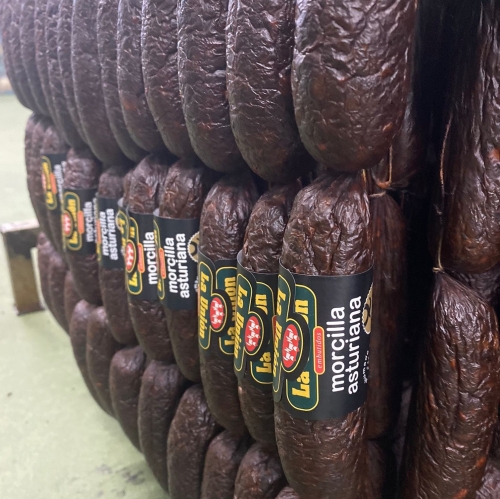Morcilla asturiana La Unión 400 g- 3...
==
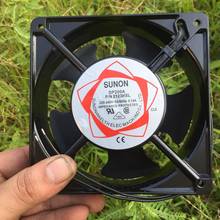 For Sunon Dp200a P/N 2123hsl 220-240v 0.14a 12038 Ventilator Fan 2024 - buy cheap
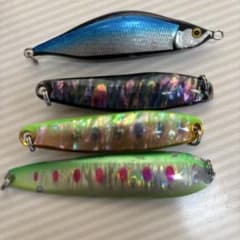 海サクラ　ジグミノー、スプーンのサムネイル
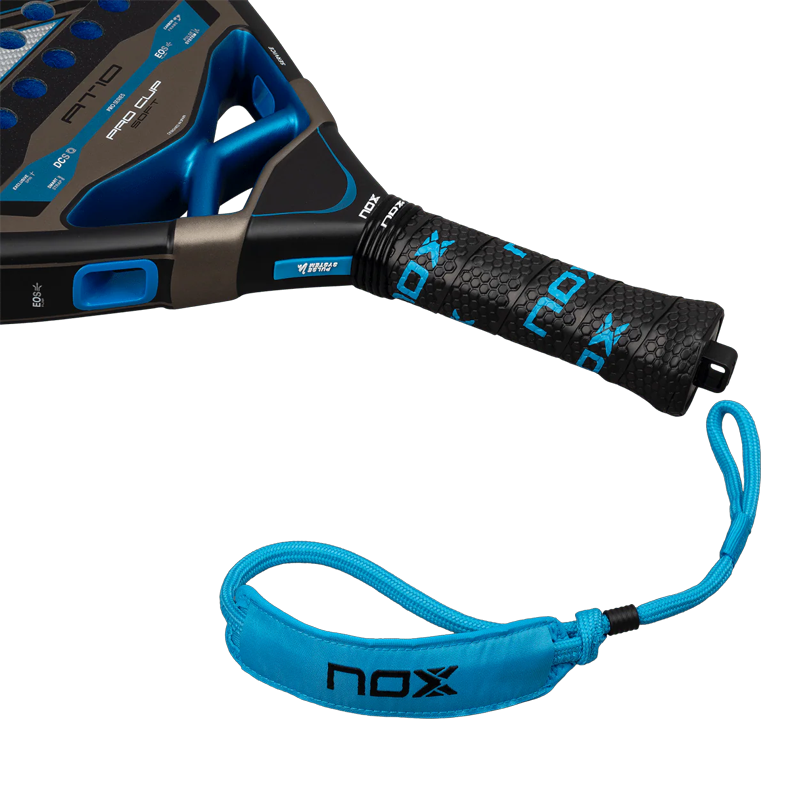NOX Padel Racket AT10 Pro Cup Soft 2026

▶ **Task description**: Taking the entries above, extract every line from the one bearing "For Sunon Dp200a" through the one bearing "NOX Padel Racket AT10 Pro Cup Soft 2026", exactly, with no pictures.

▶ **Finished exercise**:
 For Sunon Dp200a P/N 2123hsl 220-240v 0.14a 12038 Ventilator Fan 2024 - buy cheap
 海サクラ　ジグミノー、スプーンのサムネイル
NOX Padel Racket AT10 Pro Cup Soft 2026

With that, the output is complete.